また、滴下も合わせましょう。点滴の滴下計算が苦手な人もいると思いますが、そういう人は、いちいち計算しなくても良いように、よく使う滴下数を暗記するかメモしておくと良いでしょう。
成人用のルートの場合、1ml=20滴、小児用ルートは1ml=60滴です。成人用ルートで500mlを4時間で落とすなら、1分に42滴なので、3秒に2滴程度になります。
100mlを1時間で落とすなら、1分で33滴なので、2秒に1滴ですね。このように、あなたが働いている病棟でよく使う滴下数は暗記しておくと、滴下を合わせやすくなると思います。
高カロリー輸液などは、輸液ポンプを使うことも多いと思いますが、輸液ポンプを使っても、ルートが屈曲していると、滴下が遅くなることもあります。
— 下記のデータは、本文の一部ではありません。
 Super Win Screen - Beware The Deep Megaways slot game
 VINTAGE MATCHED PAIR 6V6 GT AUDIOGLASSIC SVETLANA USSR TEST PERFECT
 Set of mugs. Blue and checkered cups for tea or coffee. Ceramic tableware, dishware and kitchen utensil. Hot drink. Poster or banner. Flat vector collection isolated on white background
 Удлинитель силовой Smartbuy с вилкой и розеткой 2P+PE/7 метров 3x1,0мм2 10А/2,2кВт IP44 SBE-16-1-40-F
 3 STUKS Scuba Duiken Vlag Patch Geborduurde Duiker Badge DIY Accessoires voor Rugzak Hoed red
高カロリー輸液で滴下が合わないと、栄養状態や血糖値に影響が出ますので、輸液ポンプを使っていても、きちんと滴下できているかを確認するようにしましょう。
新人看護師が点滴でミスをしたらどうする?
新人看護師が点滴でミスをしたらどうすれば良いのでしょうか?点滴のミスといっても、ルートが取れなかったミスではありません。
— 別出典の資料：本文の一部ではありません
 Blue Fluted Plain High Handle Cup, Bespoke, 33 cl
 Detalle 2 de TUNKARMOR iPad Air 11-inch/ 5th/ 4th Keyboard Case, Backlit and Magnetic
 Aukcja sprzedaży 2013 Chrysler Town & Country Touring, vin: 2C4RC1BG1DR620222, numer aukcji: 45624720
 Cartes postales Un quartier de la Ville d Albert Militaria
先ほども言いましたが、接続が外れていたり、患者さんの名前を間違って投与ミスをしたり、点滴が漏れて静脈炎を起こしたりした場合のミスです。
これらのミスはインシデントになりますので、すぐに適切な対処をしなければいけません。
新人看護師はこれらのミスの適切な対処を1人ではできないと思いますので、点滴でインシデントを起こしたら、まずは点滴を止めて、すぐに先輩看護師に報告しましょう。
そして、先輩看護師の指示に従って対処し、インシデントレポートを書いて、同じミスを起こさないようにしましょう。
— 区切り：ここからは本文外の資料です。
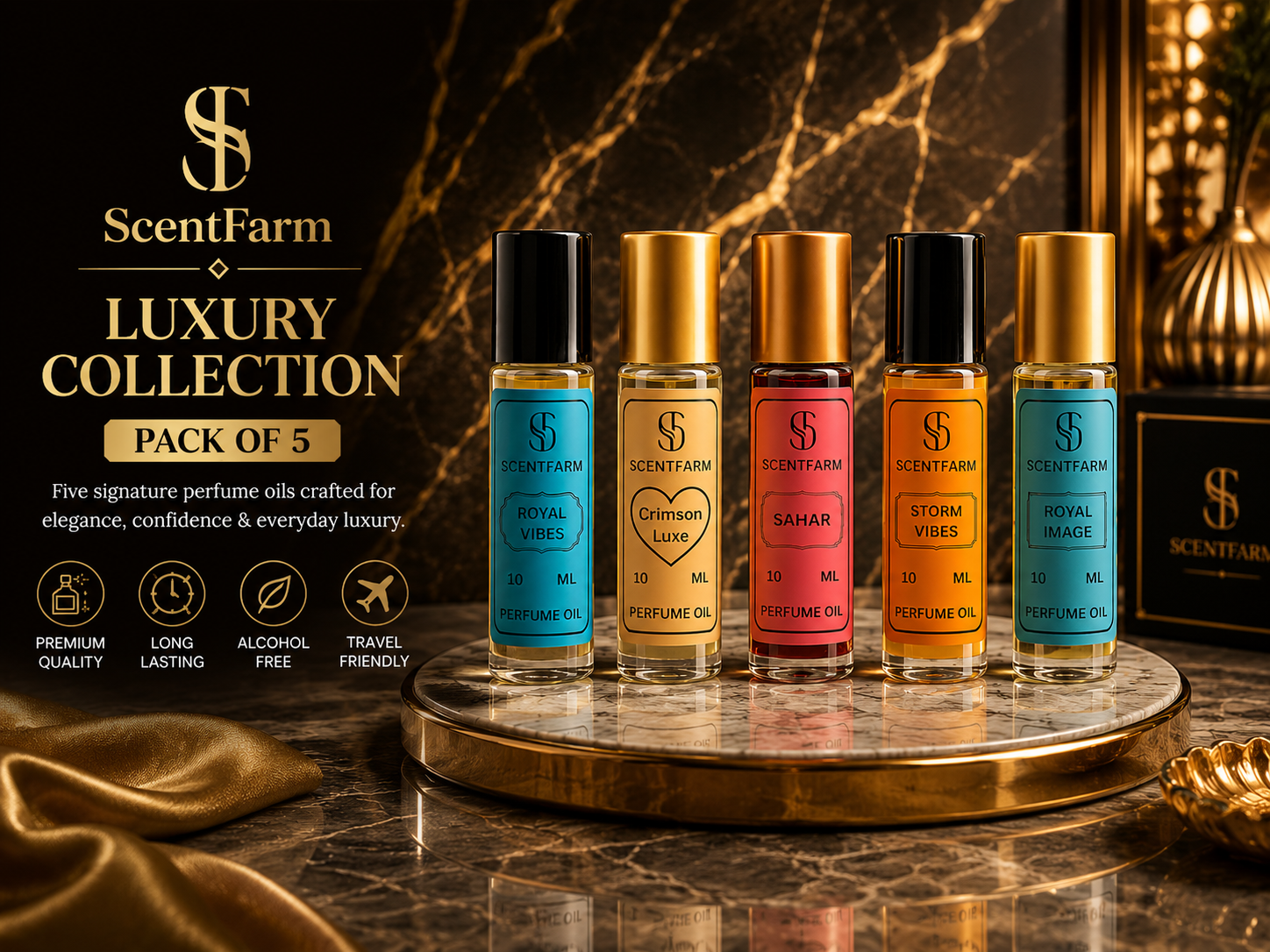 Perfume Oil 5 x10ML Set, Unisex, Long Lasting, Alcohol-Free, Roll-On Cologne, Concentrated Travel Size Body Oils, Bundle Of Royal Vibes,Crimson Luxe, Sahar, Storm Vibes & Royal Image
点滴でミスをした時の対処法の詳細は、「新人看護師は仕事で失敗しても隠さないで!失敗から学ぶため4つのステップ」を参考にすると良いでしょう。
まとめ
新人看護師が点滴がうまくなるコツをまとめました。点滴のルート確保は、慣れないと難しいですが、1発でルート確保ができると、とてもうれしいですよね。
点滴がうまくなるためには、1度先輩に見てもらうと良いと思います。先輩看護師に見られていると、緊張しますが、それでも自分では気づかなかった点を指摘してもらえますので、上達する近道なんです。
でも、先輩看護師が意地悪な職場で働いていると、「はぁ?面倒くさいから嫌」と言われてしまうこともあると思います。
そういう職場で働いていると、なかなか点滴の手技もほかの看護技術も上達しませんので、思い切って転職を考えてみるのも良いと思います。